• WORK INSTRUCTION:
Return only the lines from the top of the data down to the one that holds "caucasian male football", both included, without any pictures.

• PROVIDED MATERIAL:
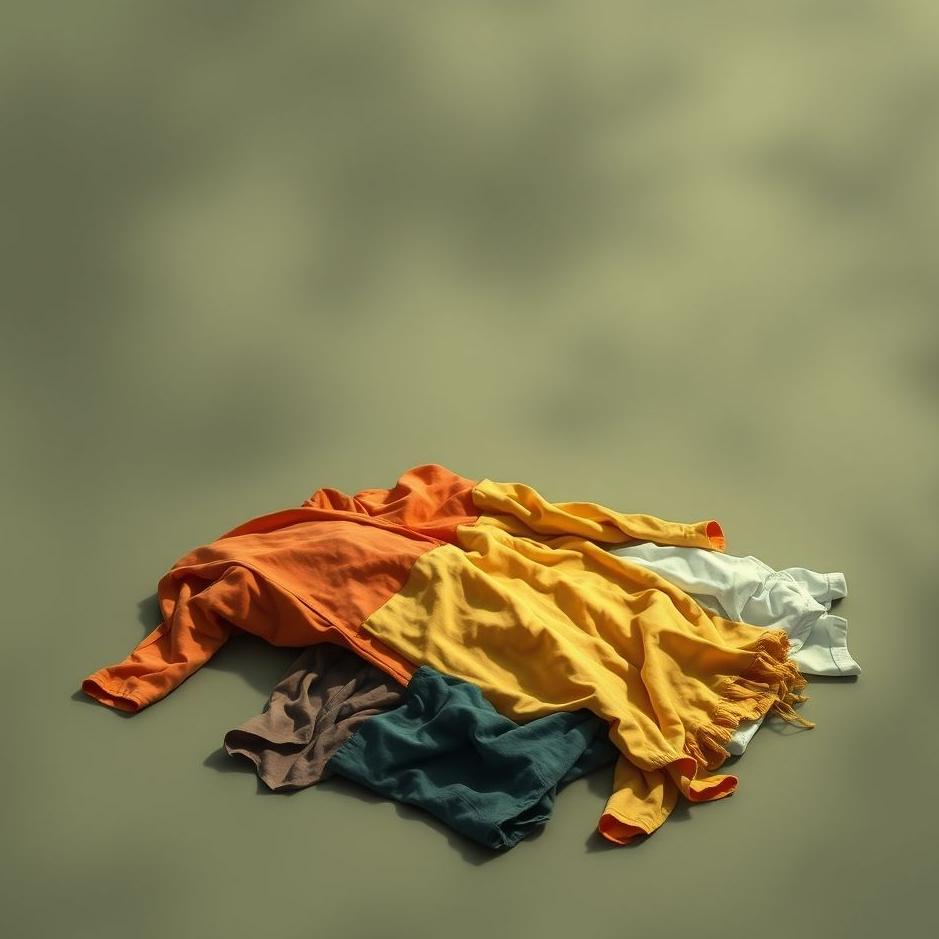 Dream : Clothes thrown on the ground in a dream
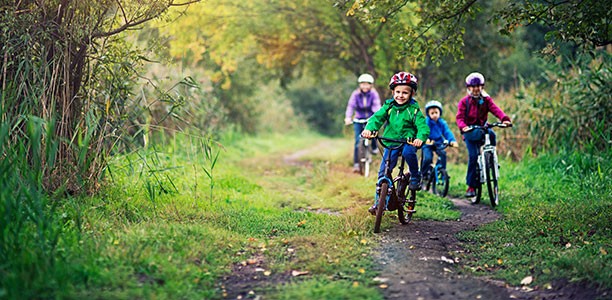 recreational biking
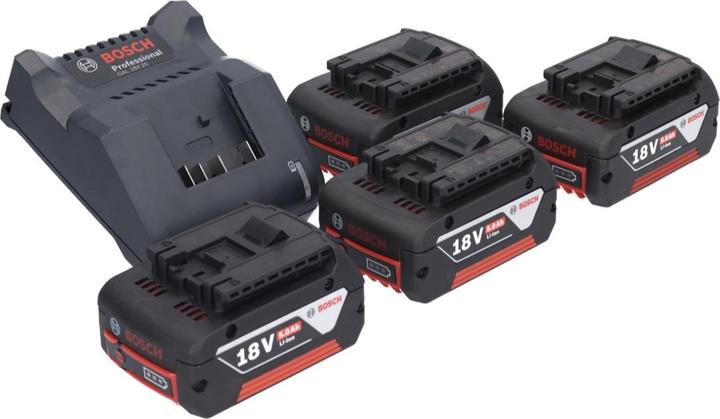 Actual product image Bosch Professional Bosch GAL 18V-20 battery charger 10.8 - 18 V 2 AÂ ( 2607226281 ) + 4x GBA 18 V 5.0 AhÂ battery ( 4x (18 V)
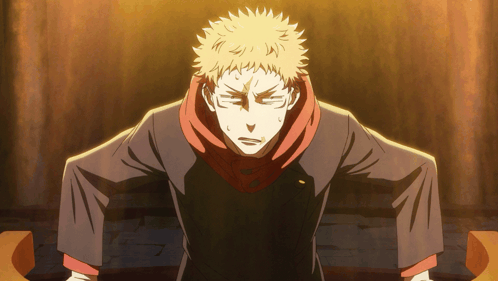 Yuji Yuji Itadori GIF. This 498 x 281 animated GIF is part of our yuji collection. Related themes include funny, jjk, jujutsu kaisen. Created by Bombgirl…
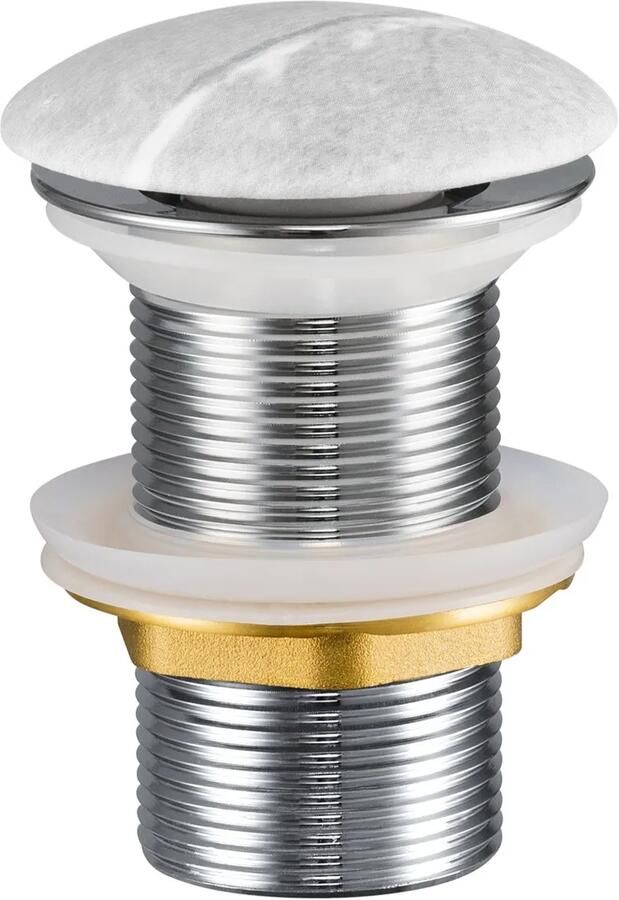 Comad afvoerplug met clicksysteem grijs marmer
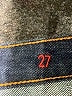 Sézane Chevron-herringbone Blue Jeans Size 27 waist - photo 8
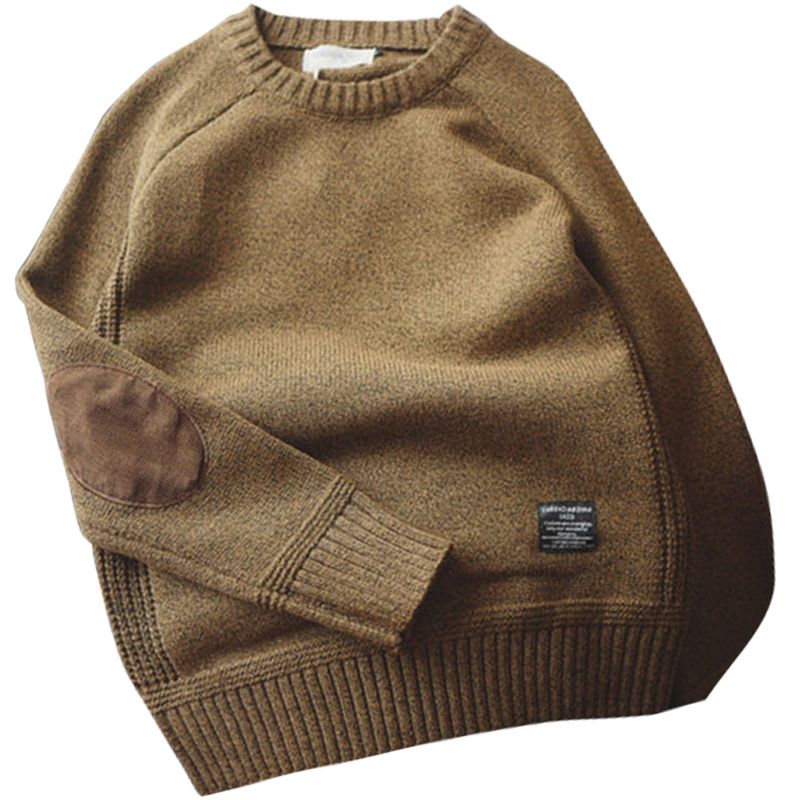Men's Sweater Winter O Ne Pullover Fashion Designer Sweater  Mens Long Sleeve-Camel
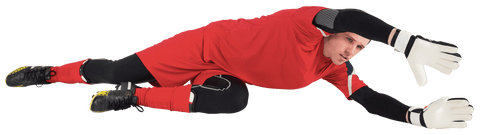 caucasian male football goalkeeper in action, transparent background - Download Free Stock Videos Pikwizard.com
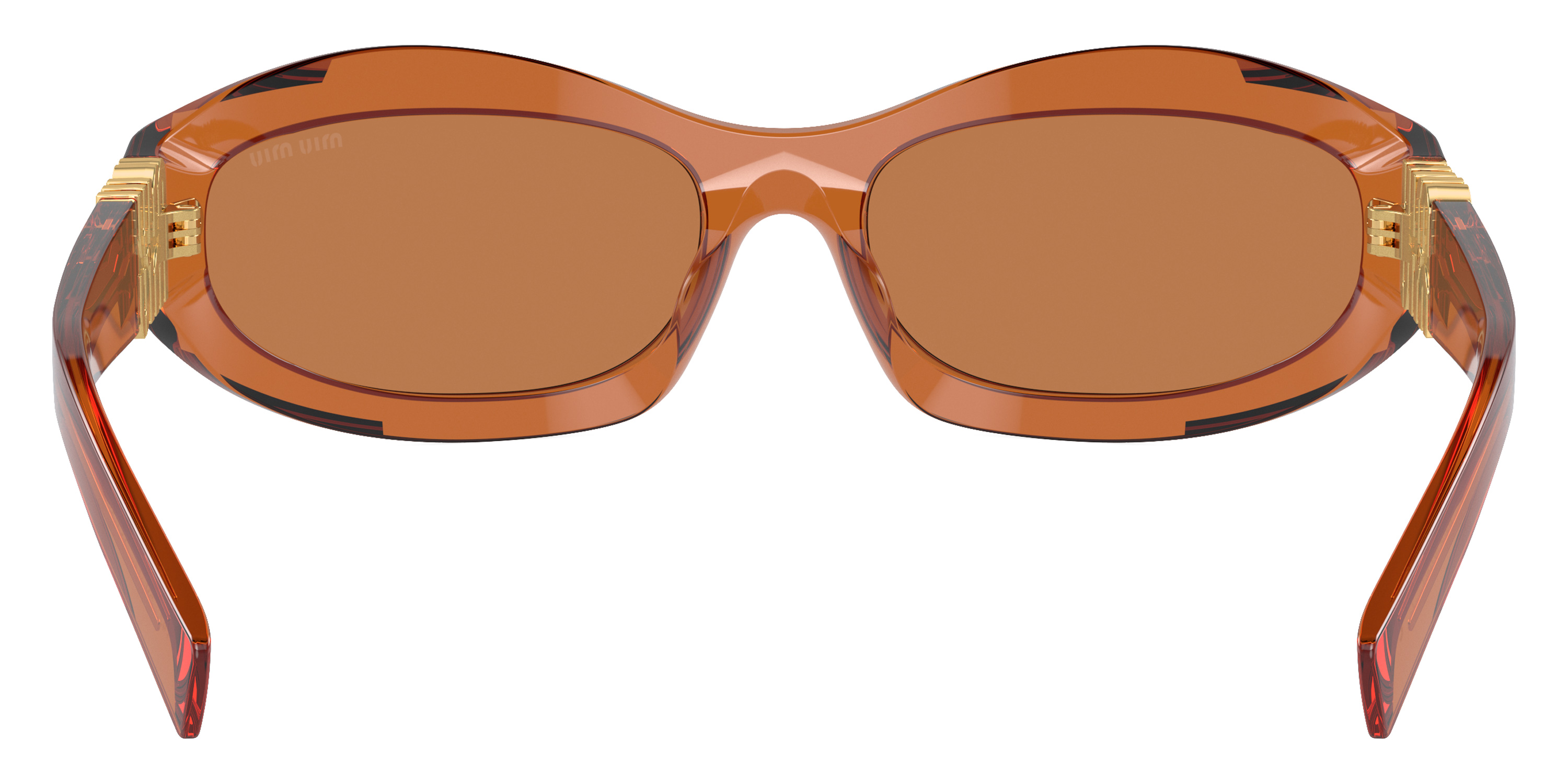 Color: Caramel Transparent (15T10I) - Miu Miu MU14ZS15T10I59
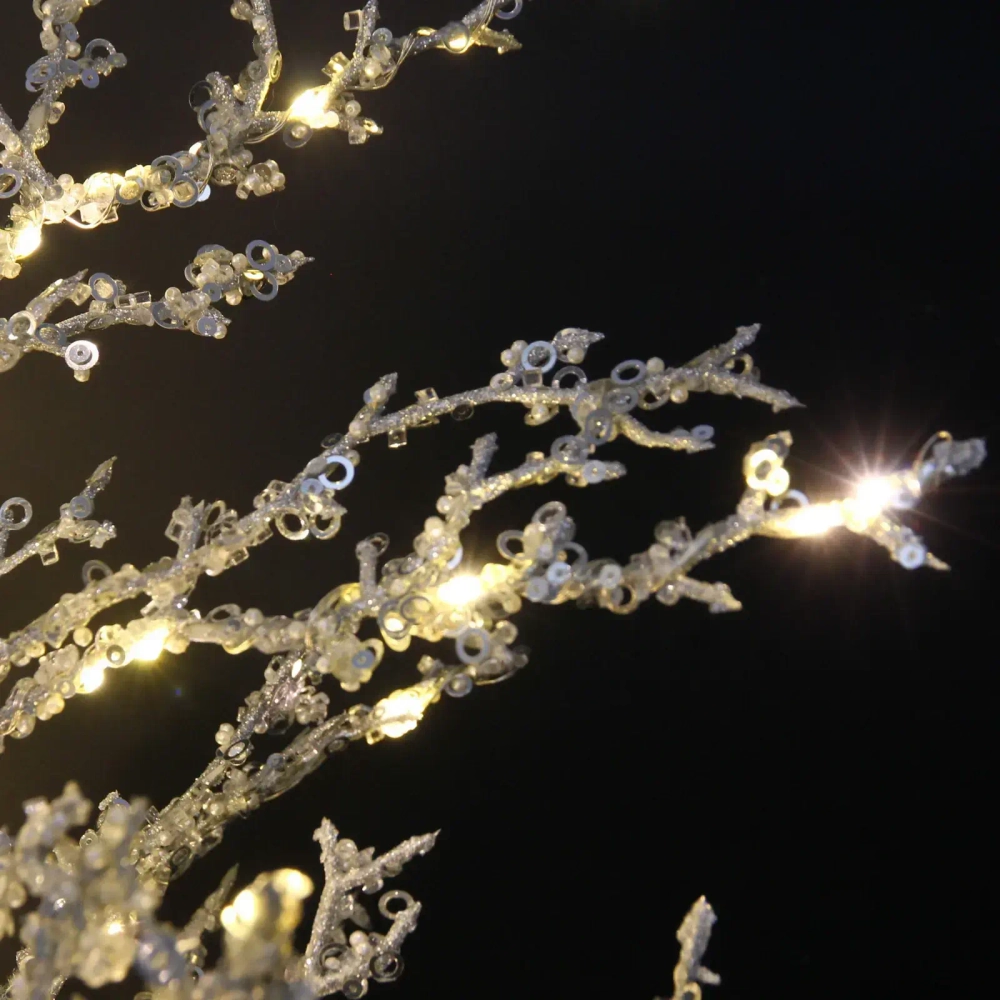 Фигура светодиодная «Дерево - Crystal» 100 см, Серебро, 220V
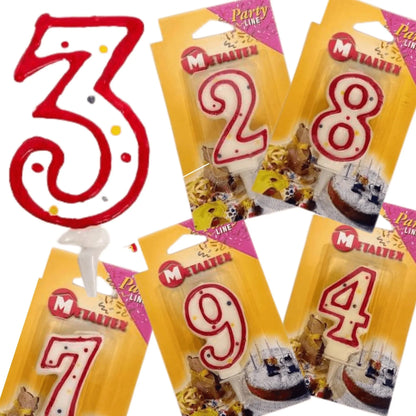 Numbered Wax Candles - Kids Party Craft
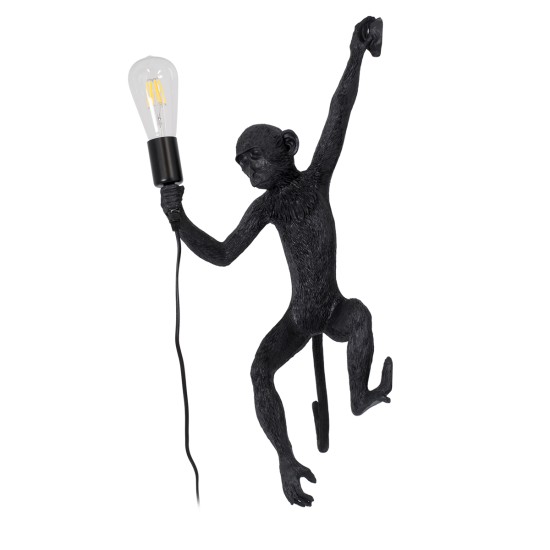 APES 01804 Μοντέρνο Φωτιστικό Τοίχου - Απλίκα με Ντουί 1 x E27 AC 220-240V IP20 - Μαύρο - Μ34 x Π31 x Υ61cm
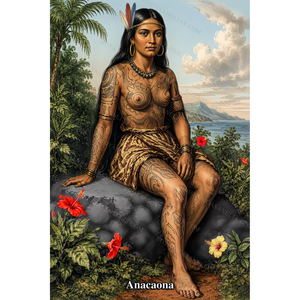 Anacaona Prayer Card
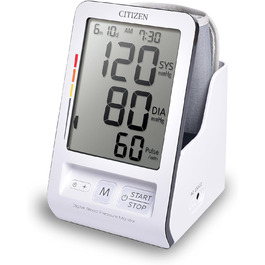 Тонометр Citizen CHU456 цифровий для дому з великим дисплеєм, визначення пульсу та нерегулярного серцебиття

• FINISHED EXERCISE:
 Dream : Clothes thrown on the ground in a dream
 recreational biking
 Actual product image Bosch Professional Bosch GAL 18V-20 battery charger 10.8 - 18 V 2 AÂ ( 2607226281 ) + 4x GBA 18 V 5.0 AhÂ battery ( 4x (18 V)
 Yuji Yuji Itadori GIF. This 498 x 281 animated GIF is part of our yuji collection. Related themes include funny, jjk, jujutsu kaisen. Created by Bombgirl…
 Comad afvoerplug met clicksysteem grijs marmer
 Sézane Chevron-herringbone Blue Jeans Size 27 waist - photo 8
Men's Sweater Winter O Ne Pullover Fashion Designer Sweater  Mens Long Sleeve-Camel
 caucasian male football goalkeeper in action, transparent background - Download Free Stock Videos Pikwizard.com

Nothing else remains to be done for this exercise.